**Assignment:** So long as no pictures are carried over, output the records below exactly.

[Image-text web data]
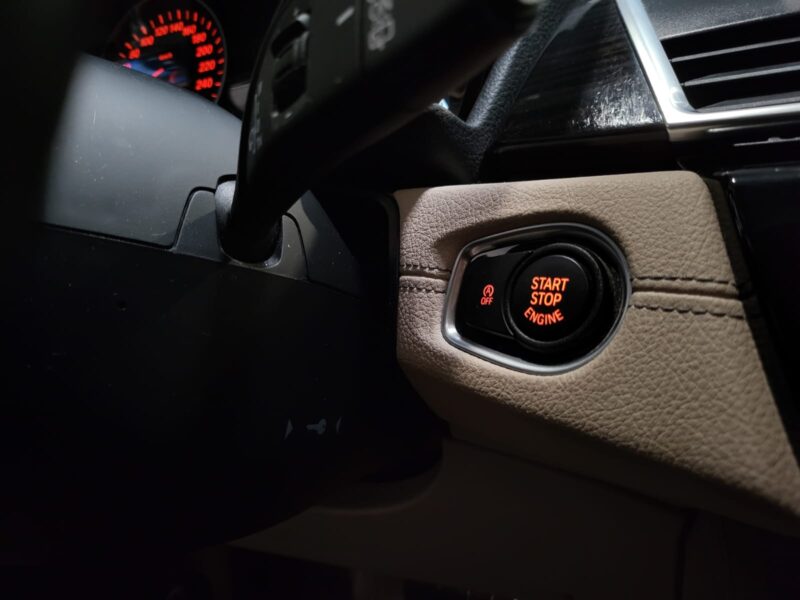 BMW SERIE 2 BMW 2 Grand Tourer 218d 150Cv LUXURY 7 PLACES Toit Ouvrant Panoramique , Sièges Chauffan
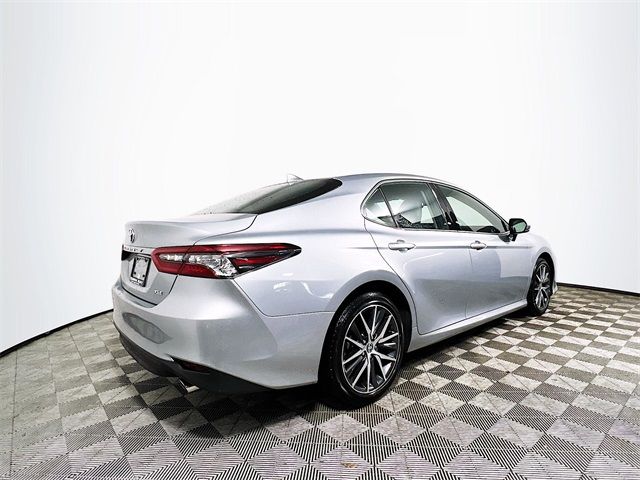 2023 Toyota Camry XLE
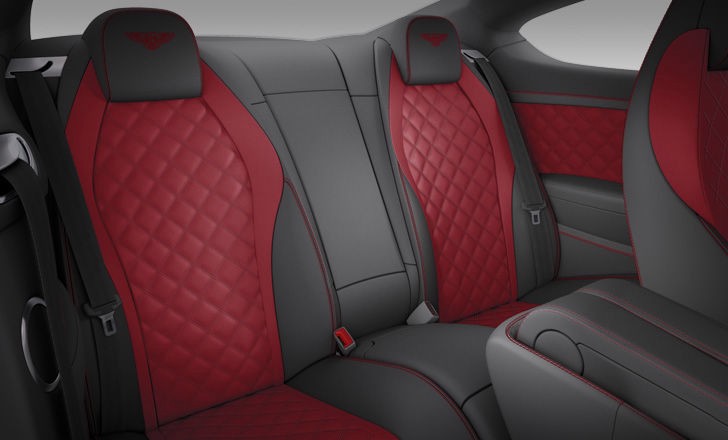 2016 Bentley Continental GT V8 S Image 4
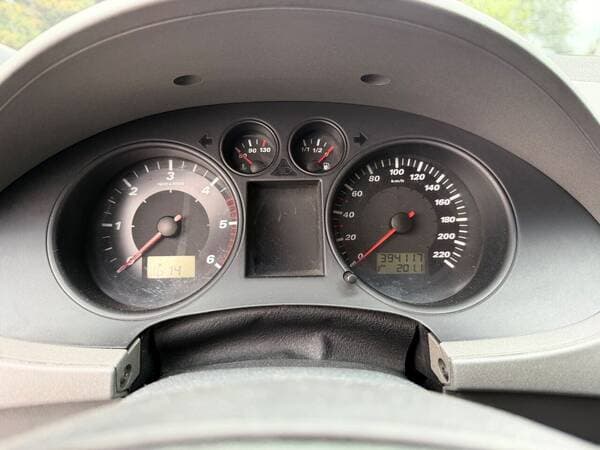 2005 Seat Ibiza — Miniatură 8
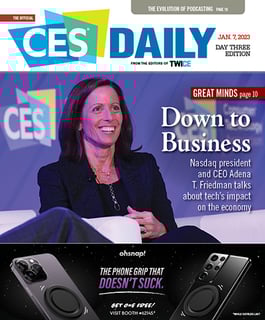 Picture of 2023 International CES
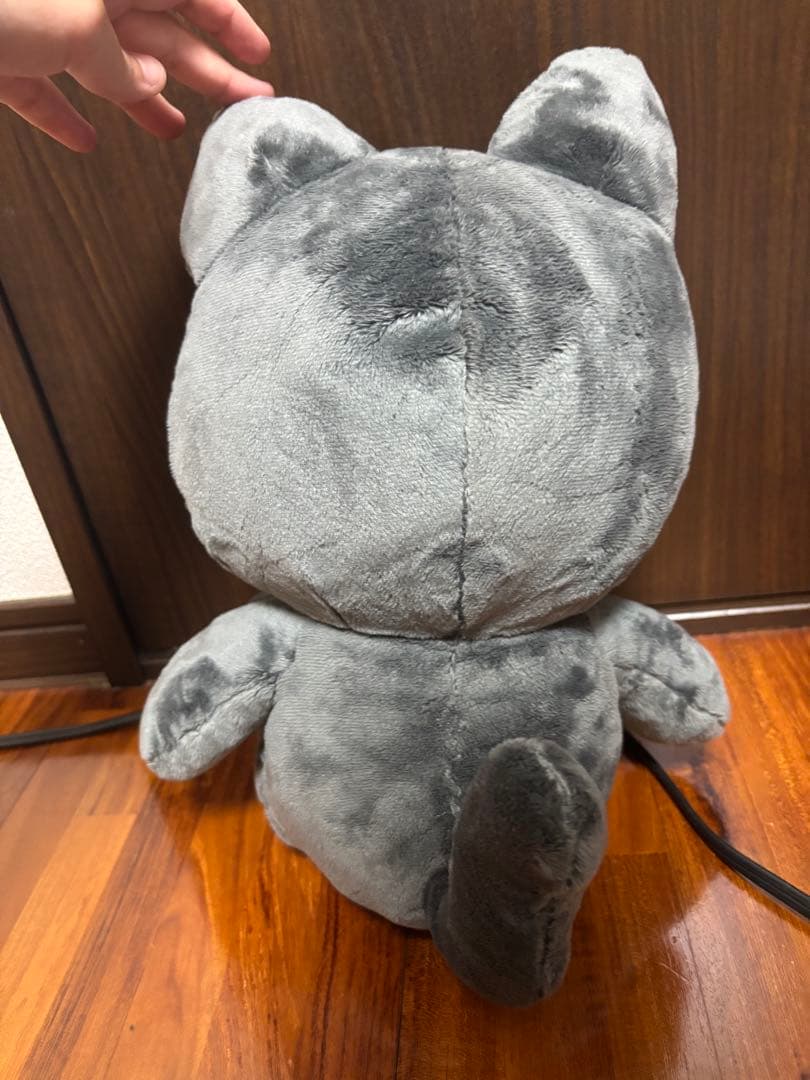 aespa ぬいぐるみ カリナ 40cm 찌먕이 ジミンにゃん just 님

**Result for this exercise:**
 BMW SERIE 2 BMW 2 Grand Tourer 218d 150Cv LUXURY 7 PLACES Toit Ouvrant Panoramique , Sièges Chauffan
 2023 Toyota Camry XLE
 2016 Bentley Continental GT V8 S Image 4
 2005 Seat Ibiza — Miniatură 8
 Picture of 2023 International CES
 aespa ぬいぐるみ カリナ 40cm 찌먕이 ジミンにゃん just 님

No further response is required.